_WORK TO BE COMPLETED_:
All pictures are to be excluded when the data below is output verbatim.

[Start of Attachment]

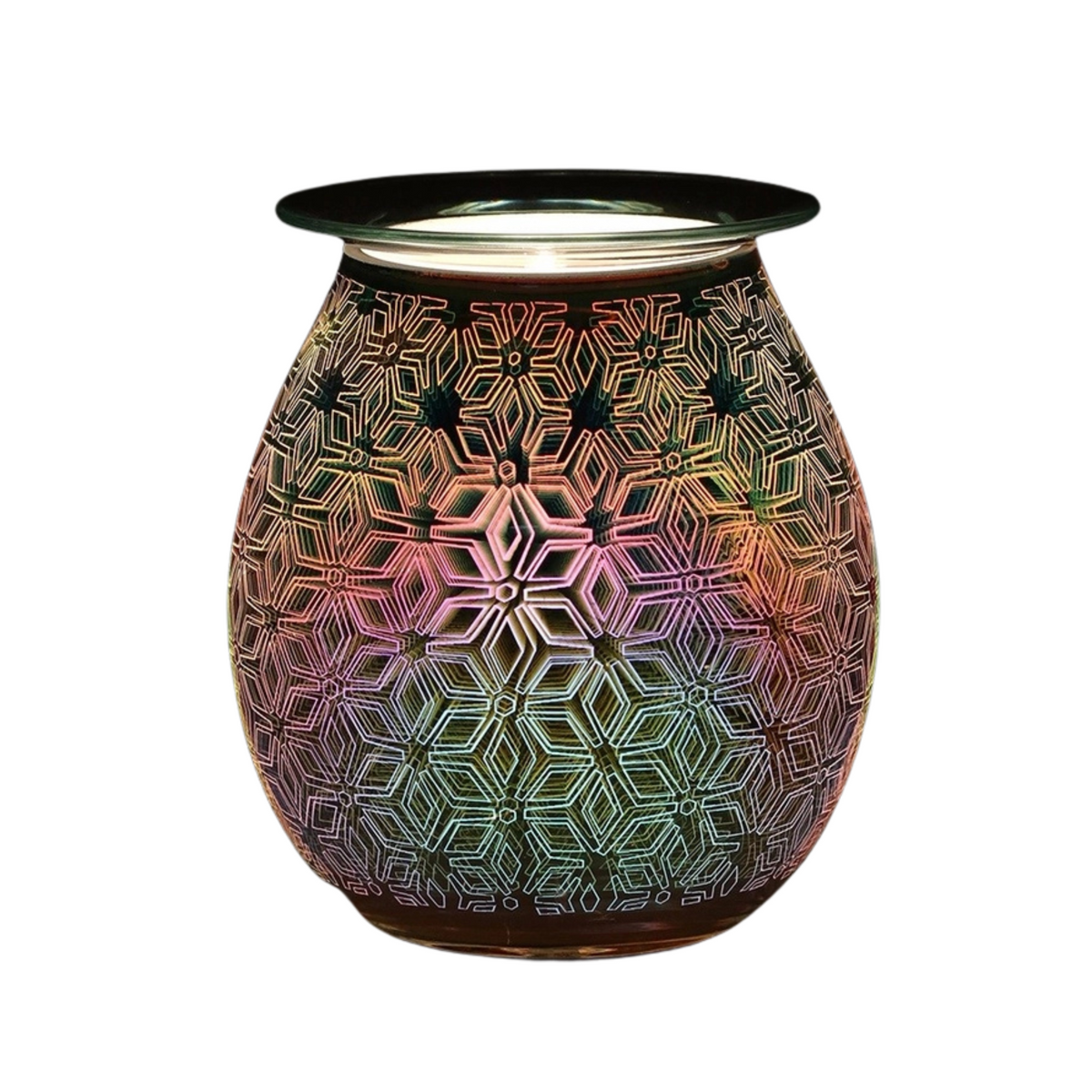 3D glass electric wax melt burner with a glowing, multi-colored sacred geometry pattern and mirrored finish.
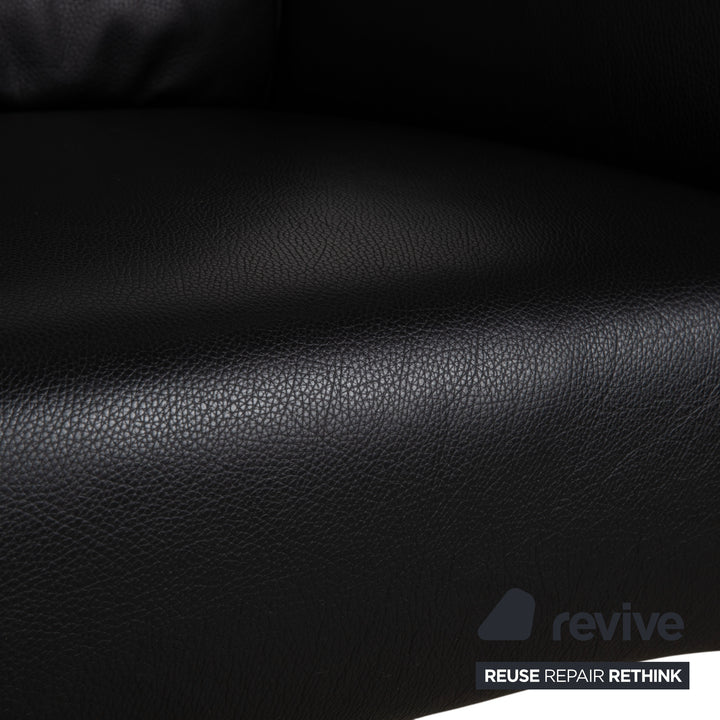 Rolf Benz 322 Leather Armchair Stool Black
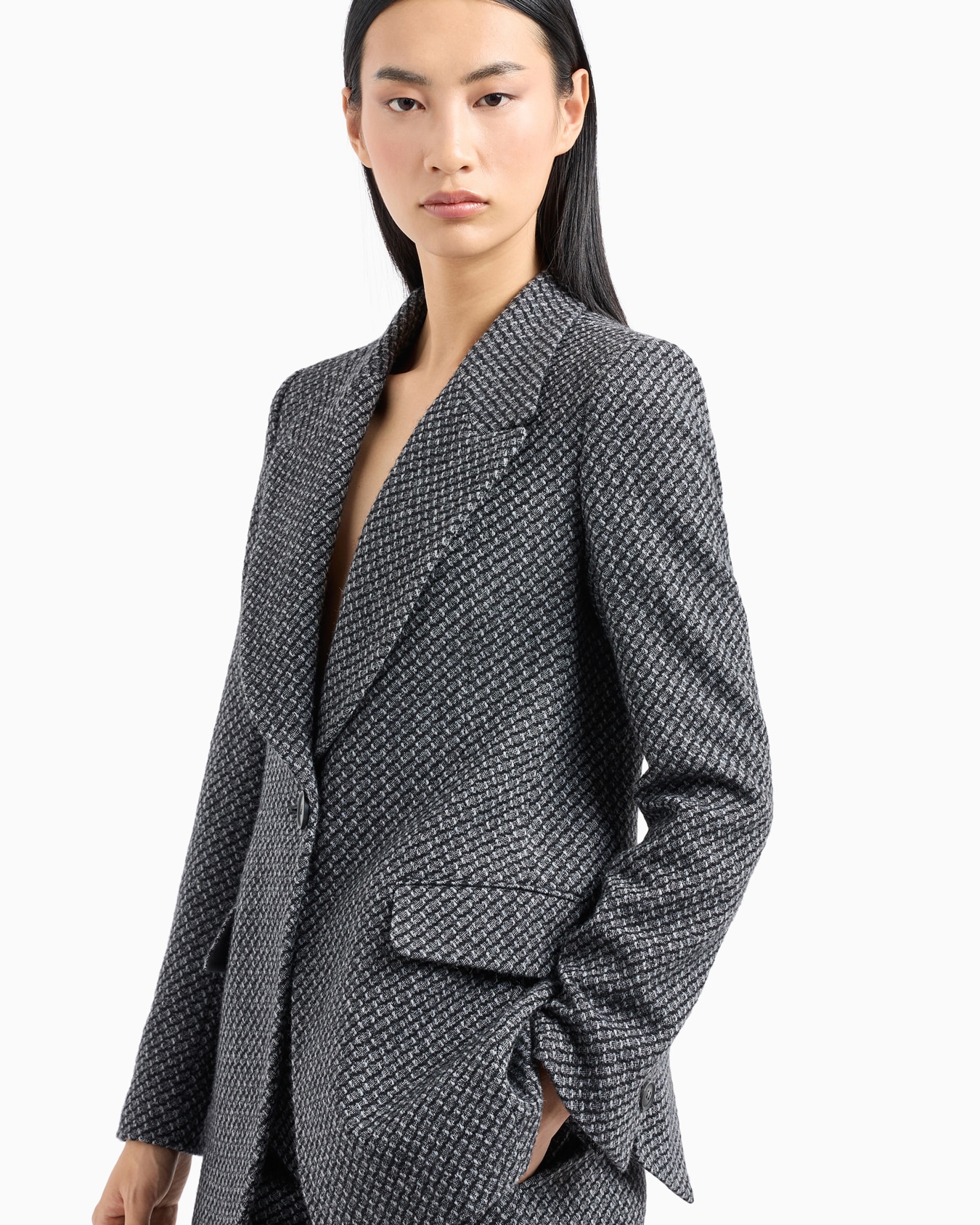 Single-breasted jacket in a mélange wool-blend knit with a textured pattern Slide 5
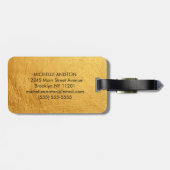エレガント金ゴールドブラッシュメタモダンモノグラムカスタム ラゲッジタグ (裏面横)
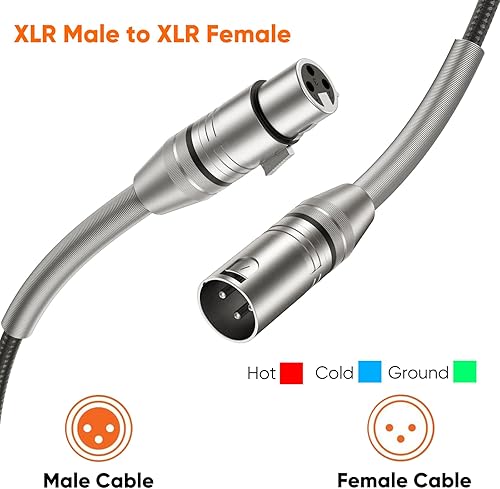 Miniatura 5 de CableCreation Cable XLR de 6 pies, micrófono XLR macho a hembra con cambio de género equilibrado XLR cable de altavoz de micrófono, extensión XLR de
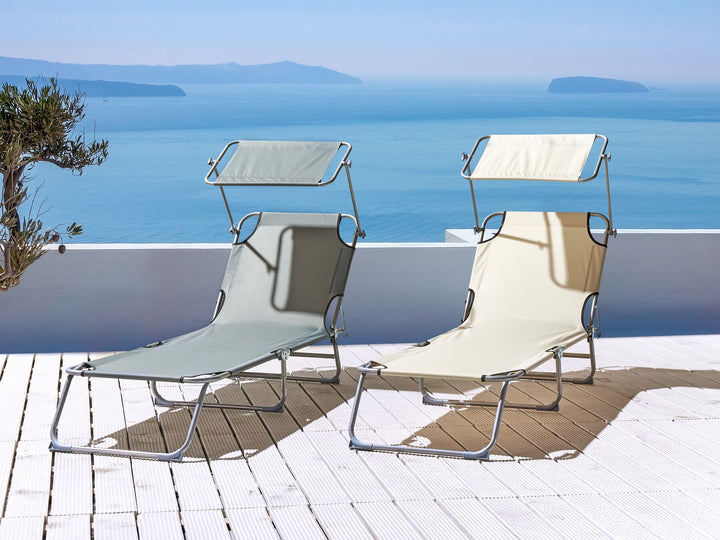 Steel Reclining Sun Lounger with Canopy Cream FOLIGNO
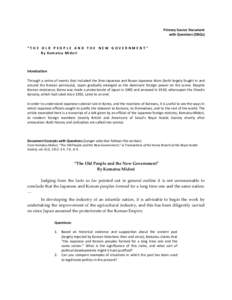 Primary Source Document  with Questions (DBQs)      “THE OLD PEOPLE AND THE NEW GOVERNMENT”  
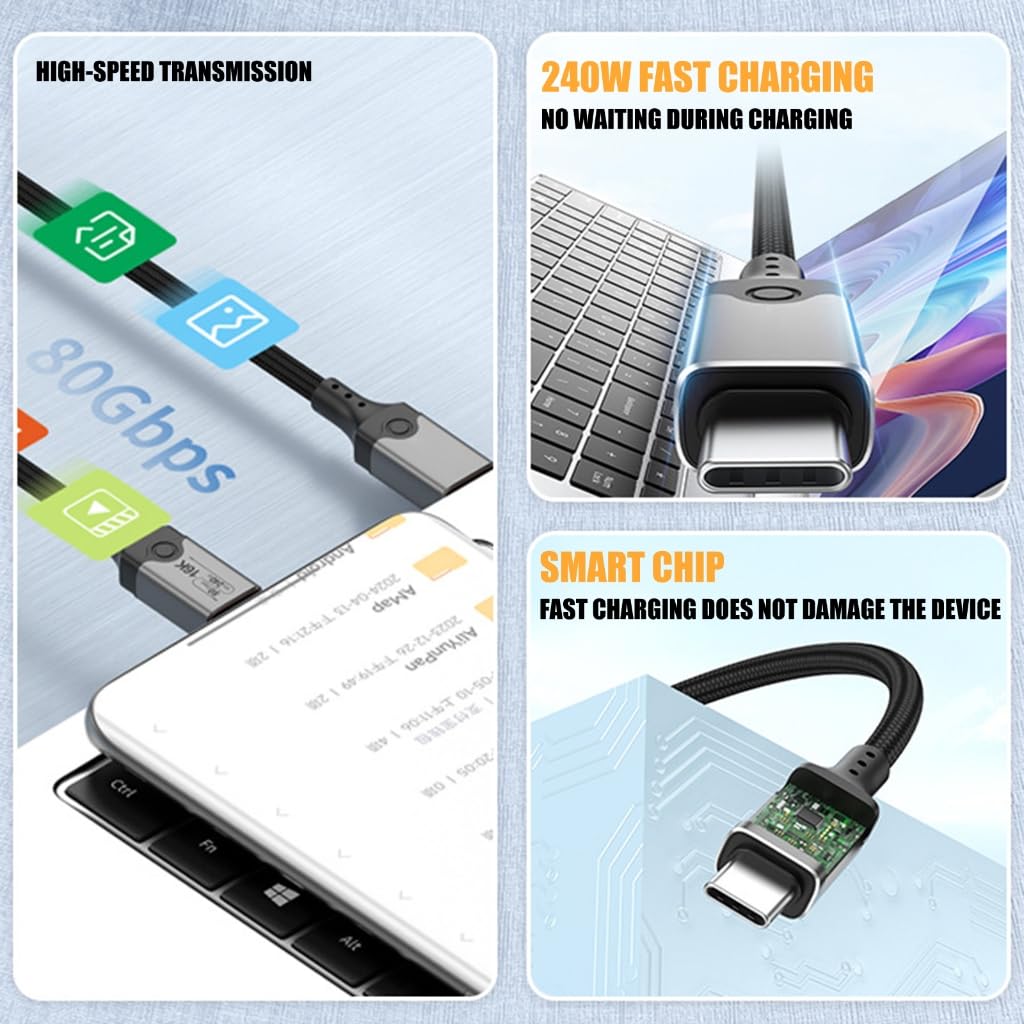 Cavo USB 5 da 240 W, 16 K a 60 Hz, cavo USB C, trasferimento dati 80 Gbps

[End of Attachment]

_EXERCISE SOLUTION_:
 3D glass electric wax melt burner with a glowing, multi-colored sacred geometry pattern and mirrored finish.
 Rolf Benz 322 Leather Armchair Stool Black
 Single-breasted jacket in a mélange wool-blend knit with a textured pattern Slide 5
エレガント金ゴールドブラッシュメタモダンモノグラムカスタム ラゲッジタグ (裏面横)
 Miniatura 5 de CableCreation Cable XLR de 6 pies, micrófono XLR macho a hembra con cambio de género equilibrado XLR cable de altavoz de micrófono, extensión XLR de
 Steel Reclining Sun Lounger with Canopy Cream FOLIGNO
 Primary Source Document  with Questions (DBQs)      “THE OLD PEOPLE AND THE NEW GOVERNMENT”  
 Cavo USB 5 da 240 W, 16 K a 60 Hz, cavo USB C, trasferimento dati 80 Gbps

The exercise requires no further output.